L’acuité de son esprit spéculatif lui permit de saisir les aspects centraux du message spirituel de saint Josémaria. Le père Fabro expliquait lui-même qu’il avait déployé son activité dans trois directions essentielles. Tout d’abord dans l’interprétation et l’approfondissement de la pensée de Saint Thomas d’Aquin qui le porta vers ce que Fabro appelait le thomisme essentiel, centré sur la redécouverte de l’être en tant qu’acte et la notion correspondante de participation. Une deuxième direction fut l’étude de la philosophie moderne et contemporaine qui le conduisit à déceler avec rigueur l’appartenance essentielle de l’athéisme à la philosophie de l’immanence. La troisième est une défense de l’opposition de Kierkegaard à Hegel, avec l’affirmation kierkegaardienne de la liberté en tant qu’indépendance de la personne vis-à-vis de son engagement dans l’élection de l’Absolu, c’est-à-dire de Dieu.
Ces trois directions sont convergentes et ne peuvent pas être prises pour un simple refus de la pensée moderne compte tenu d’une nouvelle proposition de la philosophie thomiste. Dans l’itinéraire intellectuel de Cornelio Fabro, il y a une grande volonté d’assumer et de mettre en valeur tout ce qu’il y a de positif dans la pensée moderne à la lumière de la philosophie réaliste et chrétienne.
On perçoit là aussi une profonde syntonie avec l’attitude intellectuelle de saint Josémaria qui écrivit, par exemple : « C’est pour toi qui tiens à te forger un esprit catholique, universel, que j’en relève quelques caractéristiques : —de vastes horizons et un approfondissement énergique de ce qui vit en permanence dans l’orthodoxie catholique ; — un souci droit et sain, jamais frivole, de rénover les doctrines typiques de la pensée traditionnelle, soit dans la philosophie, soit dans l’interprétation de l’histoire… ; — une attention vigilante aux orientations de la science et de la pensée contemporaines ; — et une attitude positive et ouverte devant la transformation actuelle des structures sociales et des formes de vie ».(Sillon, 428)
Le fait que C.Fabro, philosophe, ait été aussi théologien —non seulement parce qu’il y était tenu par sa préparation au sacerdoce et pour la suite de ses études et de ses publications, mais aussi et surtout parce qu’il comprit toujours que son dévouement à la philosophie était inséparable de la vie chrétienne et sacerdotale, en tant que service à la Vérité qu’est Jésus-Christ — explique aussi la profondeur avec laquelle il perçut les éléments centraux des enseignements de saint Josémaria.
Quelques jours après le 50ème anniversaire de son ordination sacerdotale, dans une lettre datée du 25 avril 1985, le père Fabro me disait : « La divine Providence et la continuelle protection de la Mère de Dieu m’ont toujours assisté, spécialement dans les périodes les plus risquées et dans la souffrance.
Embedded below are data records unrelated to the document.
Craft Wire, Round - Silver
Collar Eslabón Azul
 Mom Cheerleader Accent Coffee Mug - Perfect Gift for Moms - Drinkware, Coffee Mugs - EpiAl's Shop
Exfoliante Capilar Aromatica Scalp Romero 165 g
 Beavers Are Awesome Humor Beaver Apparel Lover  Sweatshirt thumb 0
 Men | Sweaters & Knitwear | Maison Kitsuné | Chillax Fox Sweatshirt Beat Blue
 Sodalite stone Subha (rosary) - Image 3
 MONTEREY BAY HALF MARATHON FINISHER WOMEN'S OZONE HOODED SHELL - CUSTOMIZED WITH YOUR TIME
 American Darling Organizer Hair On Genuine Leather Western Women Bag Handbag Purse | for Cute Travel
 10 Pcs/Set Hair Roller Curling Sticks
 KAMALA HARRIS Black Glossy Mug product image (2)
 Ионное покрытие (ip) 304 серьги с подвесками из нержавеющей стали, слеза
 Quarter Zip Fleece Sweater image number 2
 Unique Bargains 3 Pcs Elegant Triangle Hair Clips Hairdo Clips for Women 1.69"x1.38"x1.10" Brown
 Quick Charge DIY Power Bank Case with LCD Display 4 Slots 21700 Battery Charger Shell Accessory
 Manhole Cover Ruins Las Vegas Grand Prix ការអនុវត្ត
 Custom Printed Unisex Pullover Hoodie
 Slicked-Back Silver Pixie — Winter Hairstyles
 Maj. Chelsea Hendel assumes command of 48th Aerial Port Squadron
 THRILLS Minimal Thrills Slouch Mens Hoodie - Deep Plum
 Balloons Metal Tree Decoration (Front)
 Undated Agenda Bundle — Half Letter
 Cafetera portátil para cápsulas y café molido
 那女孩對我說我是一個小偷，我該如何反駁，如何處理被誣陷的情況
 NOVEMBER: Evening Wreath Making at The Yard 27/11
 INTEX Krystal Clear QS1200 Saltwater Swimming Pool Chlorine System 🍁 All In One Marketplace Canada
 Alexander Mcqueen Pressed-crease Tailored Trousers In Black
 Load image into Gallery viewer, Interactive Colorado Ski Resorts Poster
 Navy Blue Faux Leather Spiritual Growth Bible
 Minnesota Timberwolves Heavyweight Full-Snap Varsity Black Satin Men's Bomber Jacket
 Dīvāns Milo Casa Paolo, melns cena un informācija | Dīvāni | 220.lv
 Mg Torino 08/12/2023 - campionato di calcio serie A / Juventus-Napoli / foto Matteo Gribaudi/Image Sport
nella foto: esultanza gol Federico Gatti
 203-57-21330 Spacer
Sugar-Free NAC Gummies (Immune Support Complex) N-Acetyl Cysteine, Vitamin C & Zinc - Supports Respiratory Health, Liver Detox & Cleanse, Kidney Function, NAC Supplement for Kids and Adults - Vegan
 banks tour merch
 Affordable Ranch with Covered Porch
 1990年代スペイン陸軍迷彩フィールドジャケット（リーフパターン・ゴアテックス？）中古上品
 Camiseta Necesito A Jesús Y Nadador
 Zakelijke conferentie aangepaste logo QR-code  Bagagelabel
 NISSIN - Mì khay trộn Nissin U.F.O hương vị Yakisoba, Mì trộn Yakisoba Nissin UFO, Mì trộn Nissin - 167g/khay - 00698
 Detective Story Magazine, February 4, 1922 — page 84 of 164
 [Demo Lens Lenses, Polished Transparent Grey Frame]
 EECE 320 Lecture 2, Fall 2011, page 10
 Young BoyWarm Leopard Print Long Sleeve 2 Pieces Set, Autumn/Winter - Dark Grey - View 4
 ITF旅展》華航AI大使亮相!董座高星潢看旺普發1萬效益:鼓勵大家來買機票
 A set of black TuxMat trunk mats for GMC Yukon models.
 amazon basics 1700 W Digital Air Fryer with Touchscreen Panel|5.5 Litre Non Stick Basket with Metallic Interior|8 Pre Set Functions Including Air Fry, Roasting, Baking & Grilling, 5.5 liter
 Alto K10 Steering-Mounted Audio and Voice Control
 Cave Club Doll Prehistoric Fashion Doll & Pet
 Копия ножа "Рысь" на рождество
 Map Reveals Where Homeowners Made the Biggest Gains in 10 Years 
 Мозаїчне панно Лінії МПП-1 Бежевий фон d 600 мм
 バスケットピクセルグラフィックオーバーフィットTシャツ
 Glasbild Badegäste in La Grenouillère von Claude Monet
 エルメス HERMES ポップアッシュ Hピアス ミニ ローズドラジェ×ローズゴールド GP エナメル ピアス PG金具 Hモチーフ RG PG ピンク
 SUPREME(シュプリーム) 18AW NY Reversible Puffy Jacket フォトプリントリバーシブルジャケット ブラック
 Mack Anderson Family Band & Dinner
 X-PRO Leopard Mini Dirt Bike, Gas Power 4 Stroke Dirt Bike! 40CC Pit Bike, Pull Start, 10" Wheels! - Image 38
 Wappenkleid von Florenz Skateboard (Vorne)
Je vois tout cela comme un signe de la divine miséricorde : cupio dissolvi et esse cum Christo. J’attends avec confiance, avec une joie sereine, dirais-je, la venue de « Celui qui doit venir ». 50 ans d’aspiration sans relâche au service de la vérité, avec le regard rivé sur ma misère mais aussi avec une gratitude infinie pour ce but si élevé qui me permet de me plonger dans mon néant tout en m’élevant vers le haut avec une espérance qui ne déçoit pas ».